Repeat the data word for word. Do not include the pictures.

++++ Dataset content

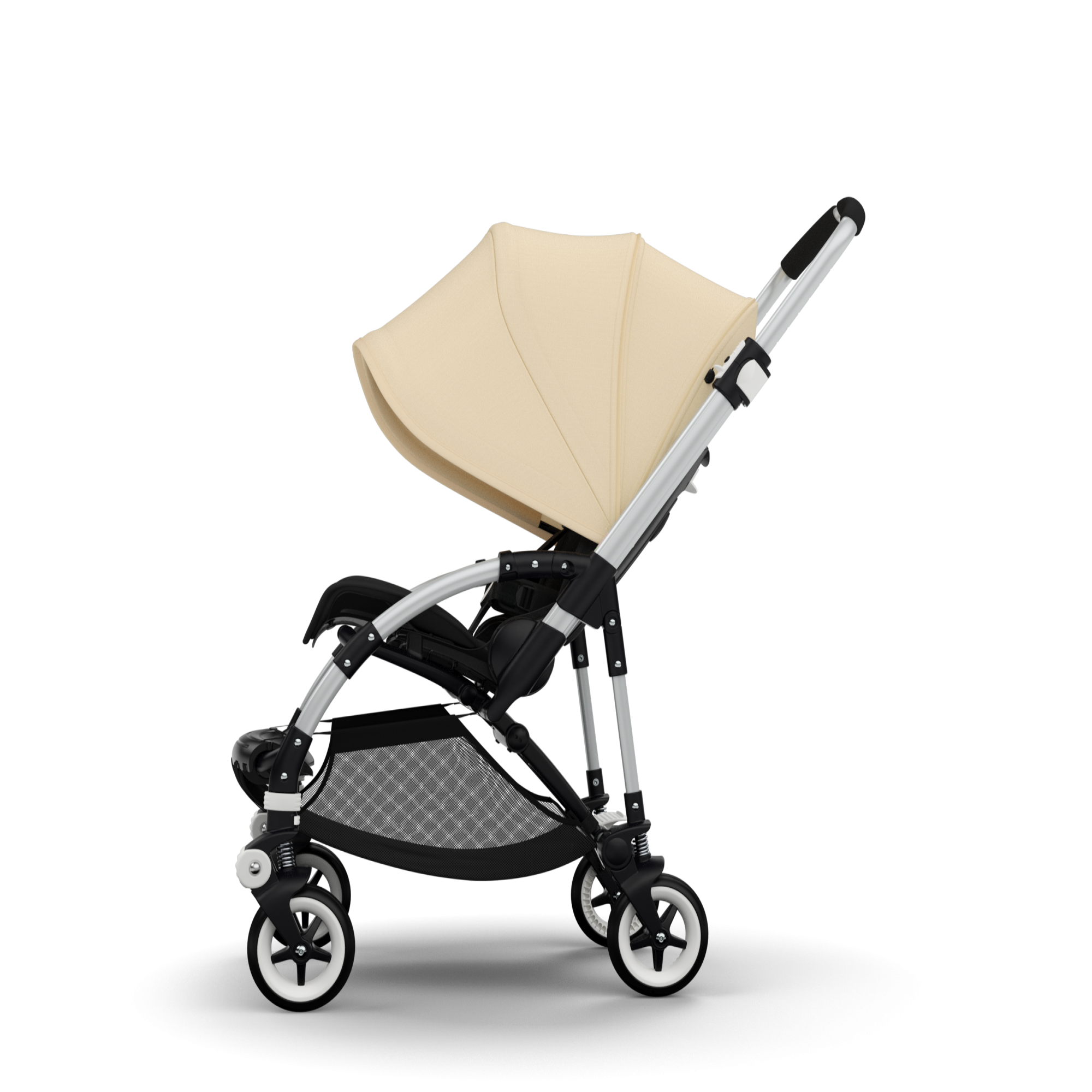 Bugaboo Bee3 sun canopy OFF WHITE (ext)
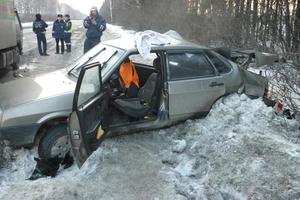 6 ДТП за три выходных дня, один человек погиб.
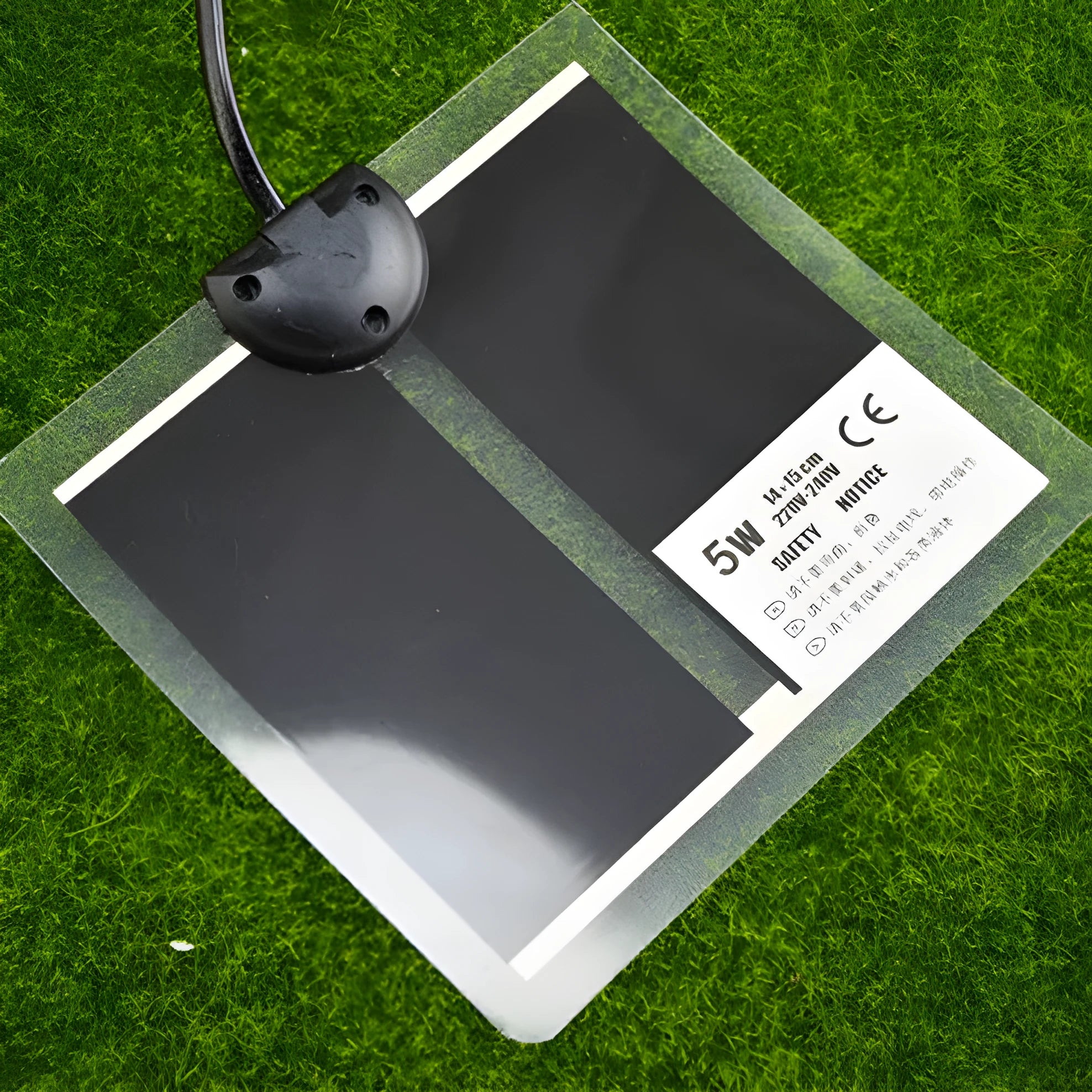 Shi Wang Ant House heating pad in black, 220V US plug, three sizes 14x15cm 15x28cm 28x28cm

++++++++

= Result of the task =
 Bugaboo Bee3 sun canopy OFF WHITE (ext)
 6 ДТП за три выходных дня, один человек погиб.
 Shi Wang Ant House heating pad in black, 220V US plug, three sizes 14x15cm 15x28cm 28x28cm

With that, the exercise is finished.